◆ Task item:
Using the data that follows, return exactly the lines from the one that contains "Chery Arrizo 5 — миниатюра 8" through the one that contains "Adana'da kadınlar kendi", ends included.

◆ Data for analysis:
********************
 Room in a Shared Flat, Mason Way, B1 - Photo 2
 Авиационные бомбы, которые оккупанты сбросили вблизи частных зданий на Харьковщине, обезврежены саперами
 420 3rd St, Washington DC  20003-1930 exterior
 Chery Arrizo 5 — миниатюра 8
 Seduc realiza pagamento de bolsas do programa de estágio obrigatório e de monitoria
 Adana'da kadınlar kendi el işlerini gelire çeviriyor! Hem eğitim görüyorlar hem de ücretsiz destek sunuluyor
********************
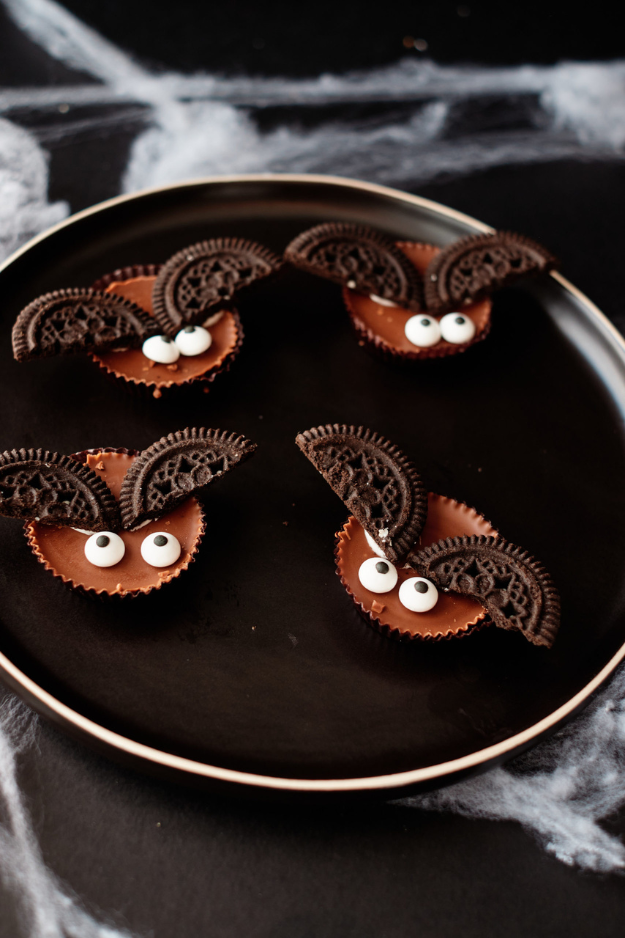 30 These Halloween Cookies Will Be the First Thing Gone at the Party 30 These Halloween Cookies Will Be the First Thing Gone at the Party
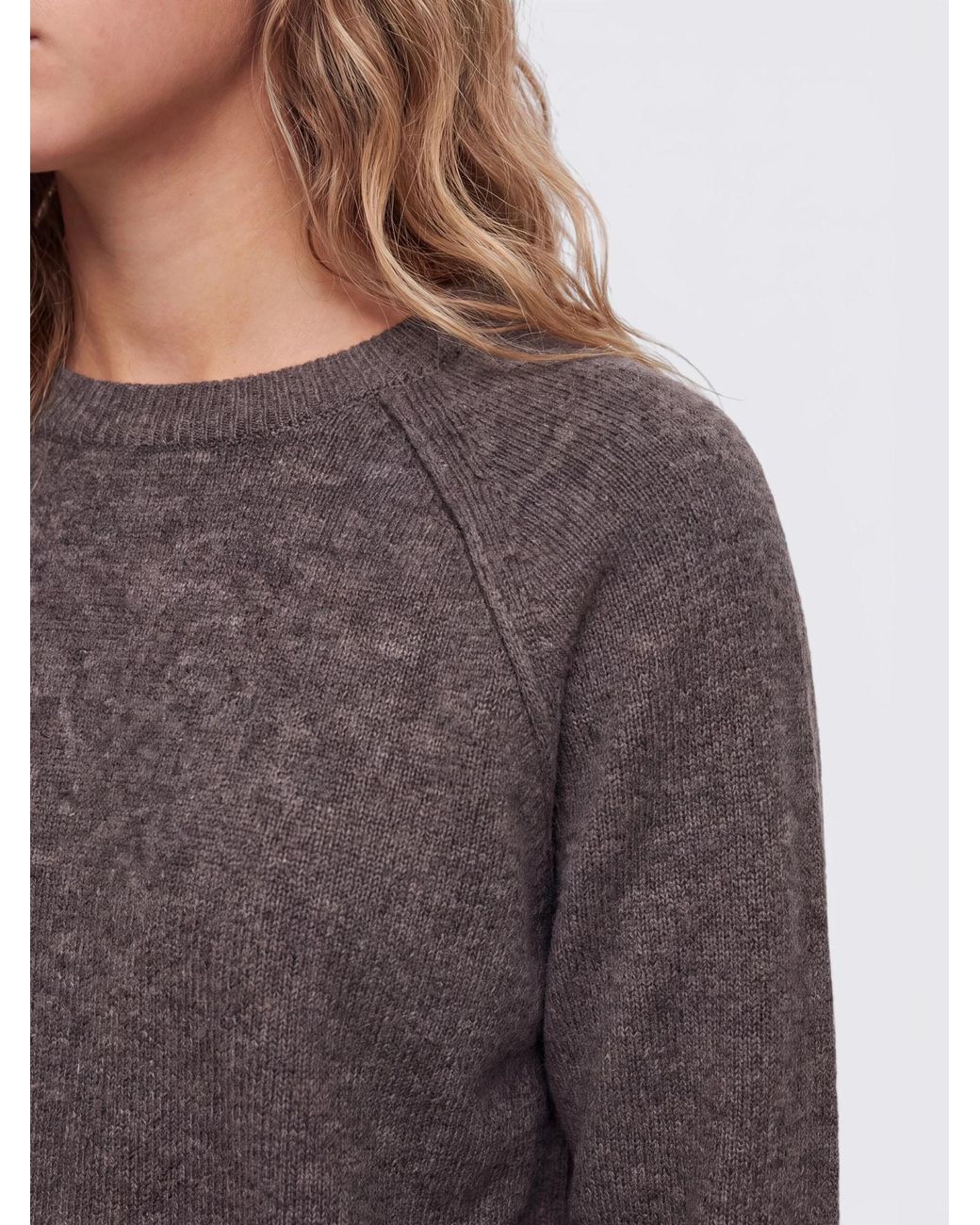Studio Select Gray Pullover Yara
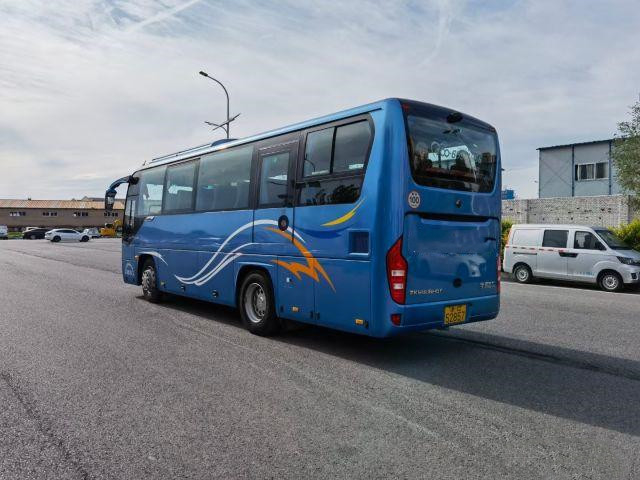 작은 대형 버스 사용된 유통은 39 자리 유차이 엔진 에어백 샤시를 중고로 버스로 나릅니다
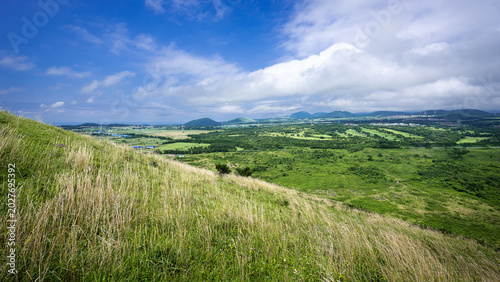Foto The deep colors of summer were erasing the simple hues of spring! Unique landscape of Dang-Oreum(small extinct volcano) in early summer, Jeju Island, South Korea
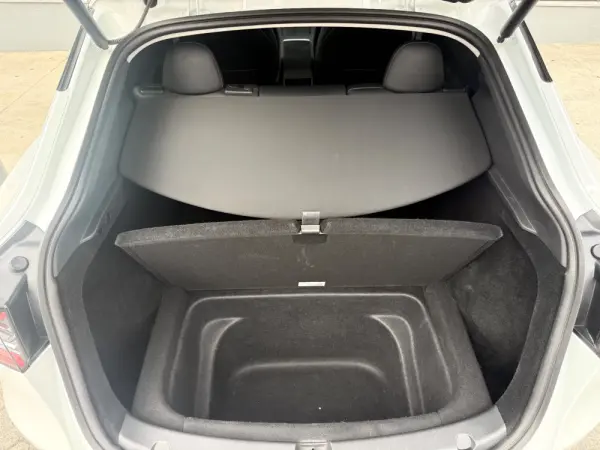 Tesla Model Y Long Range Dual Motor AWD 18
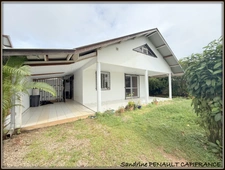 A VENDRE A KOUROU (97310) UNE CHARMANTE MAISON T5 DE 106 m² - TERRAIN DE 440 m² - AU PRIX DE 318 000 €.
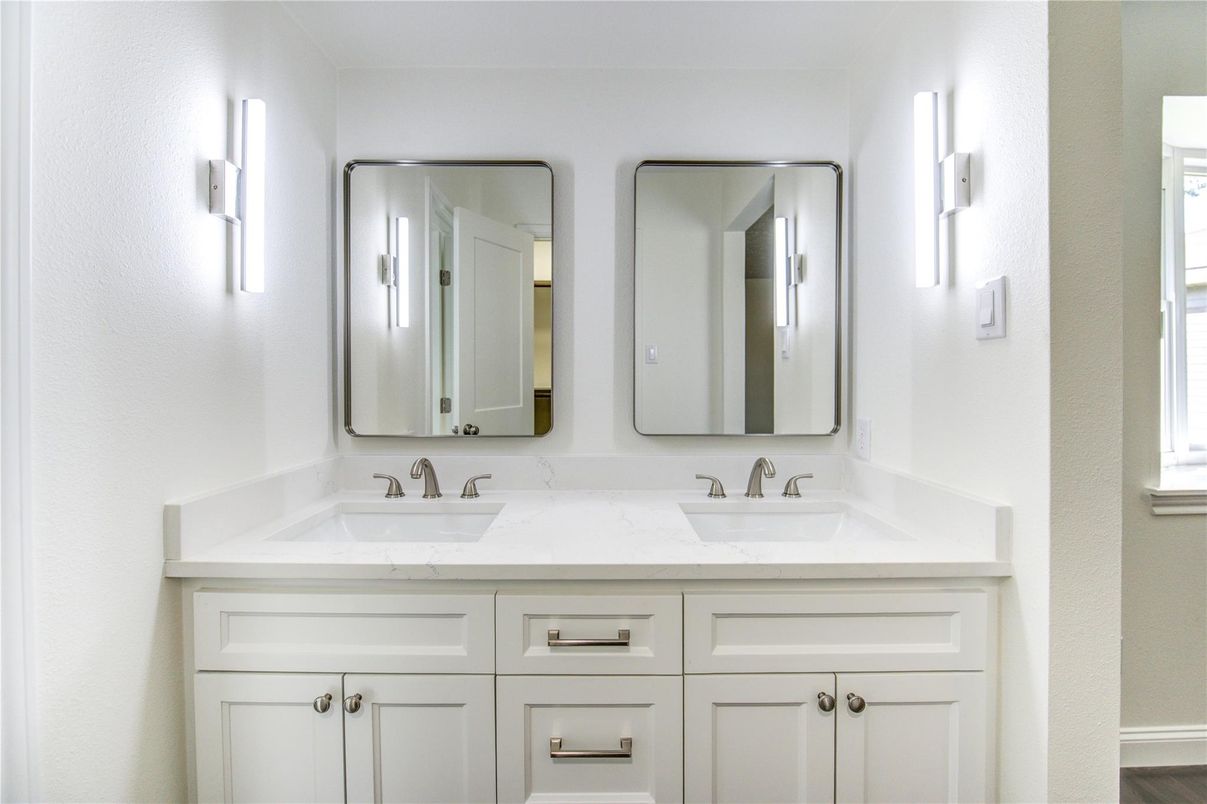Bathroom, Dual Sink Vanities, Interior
********************
◆ Output for this task:
 Chery Arrizo 5 — миниатюра 8
 Seduc realiza pagamento de bolsas do programa de estágio obrigatório e de monitoria
 Adana'da kadınlar kendi el işlerini gelire çeviriyor! Hem eğitim görüyorlar hem de ücretsiz destek sunuluyor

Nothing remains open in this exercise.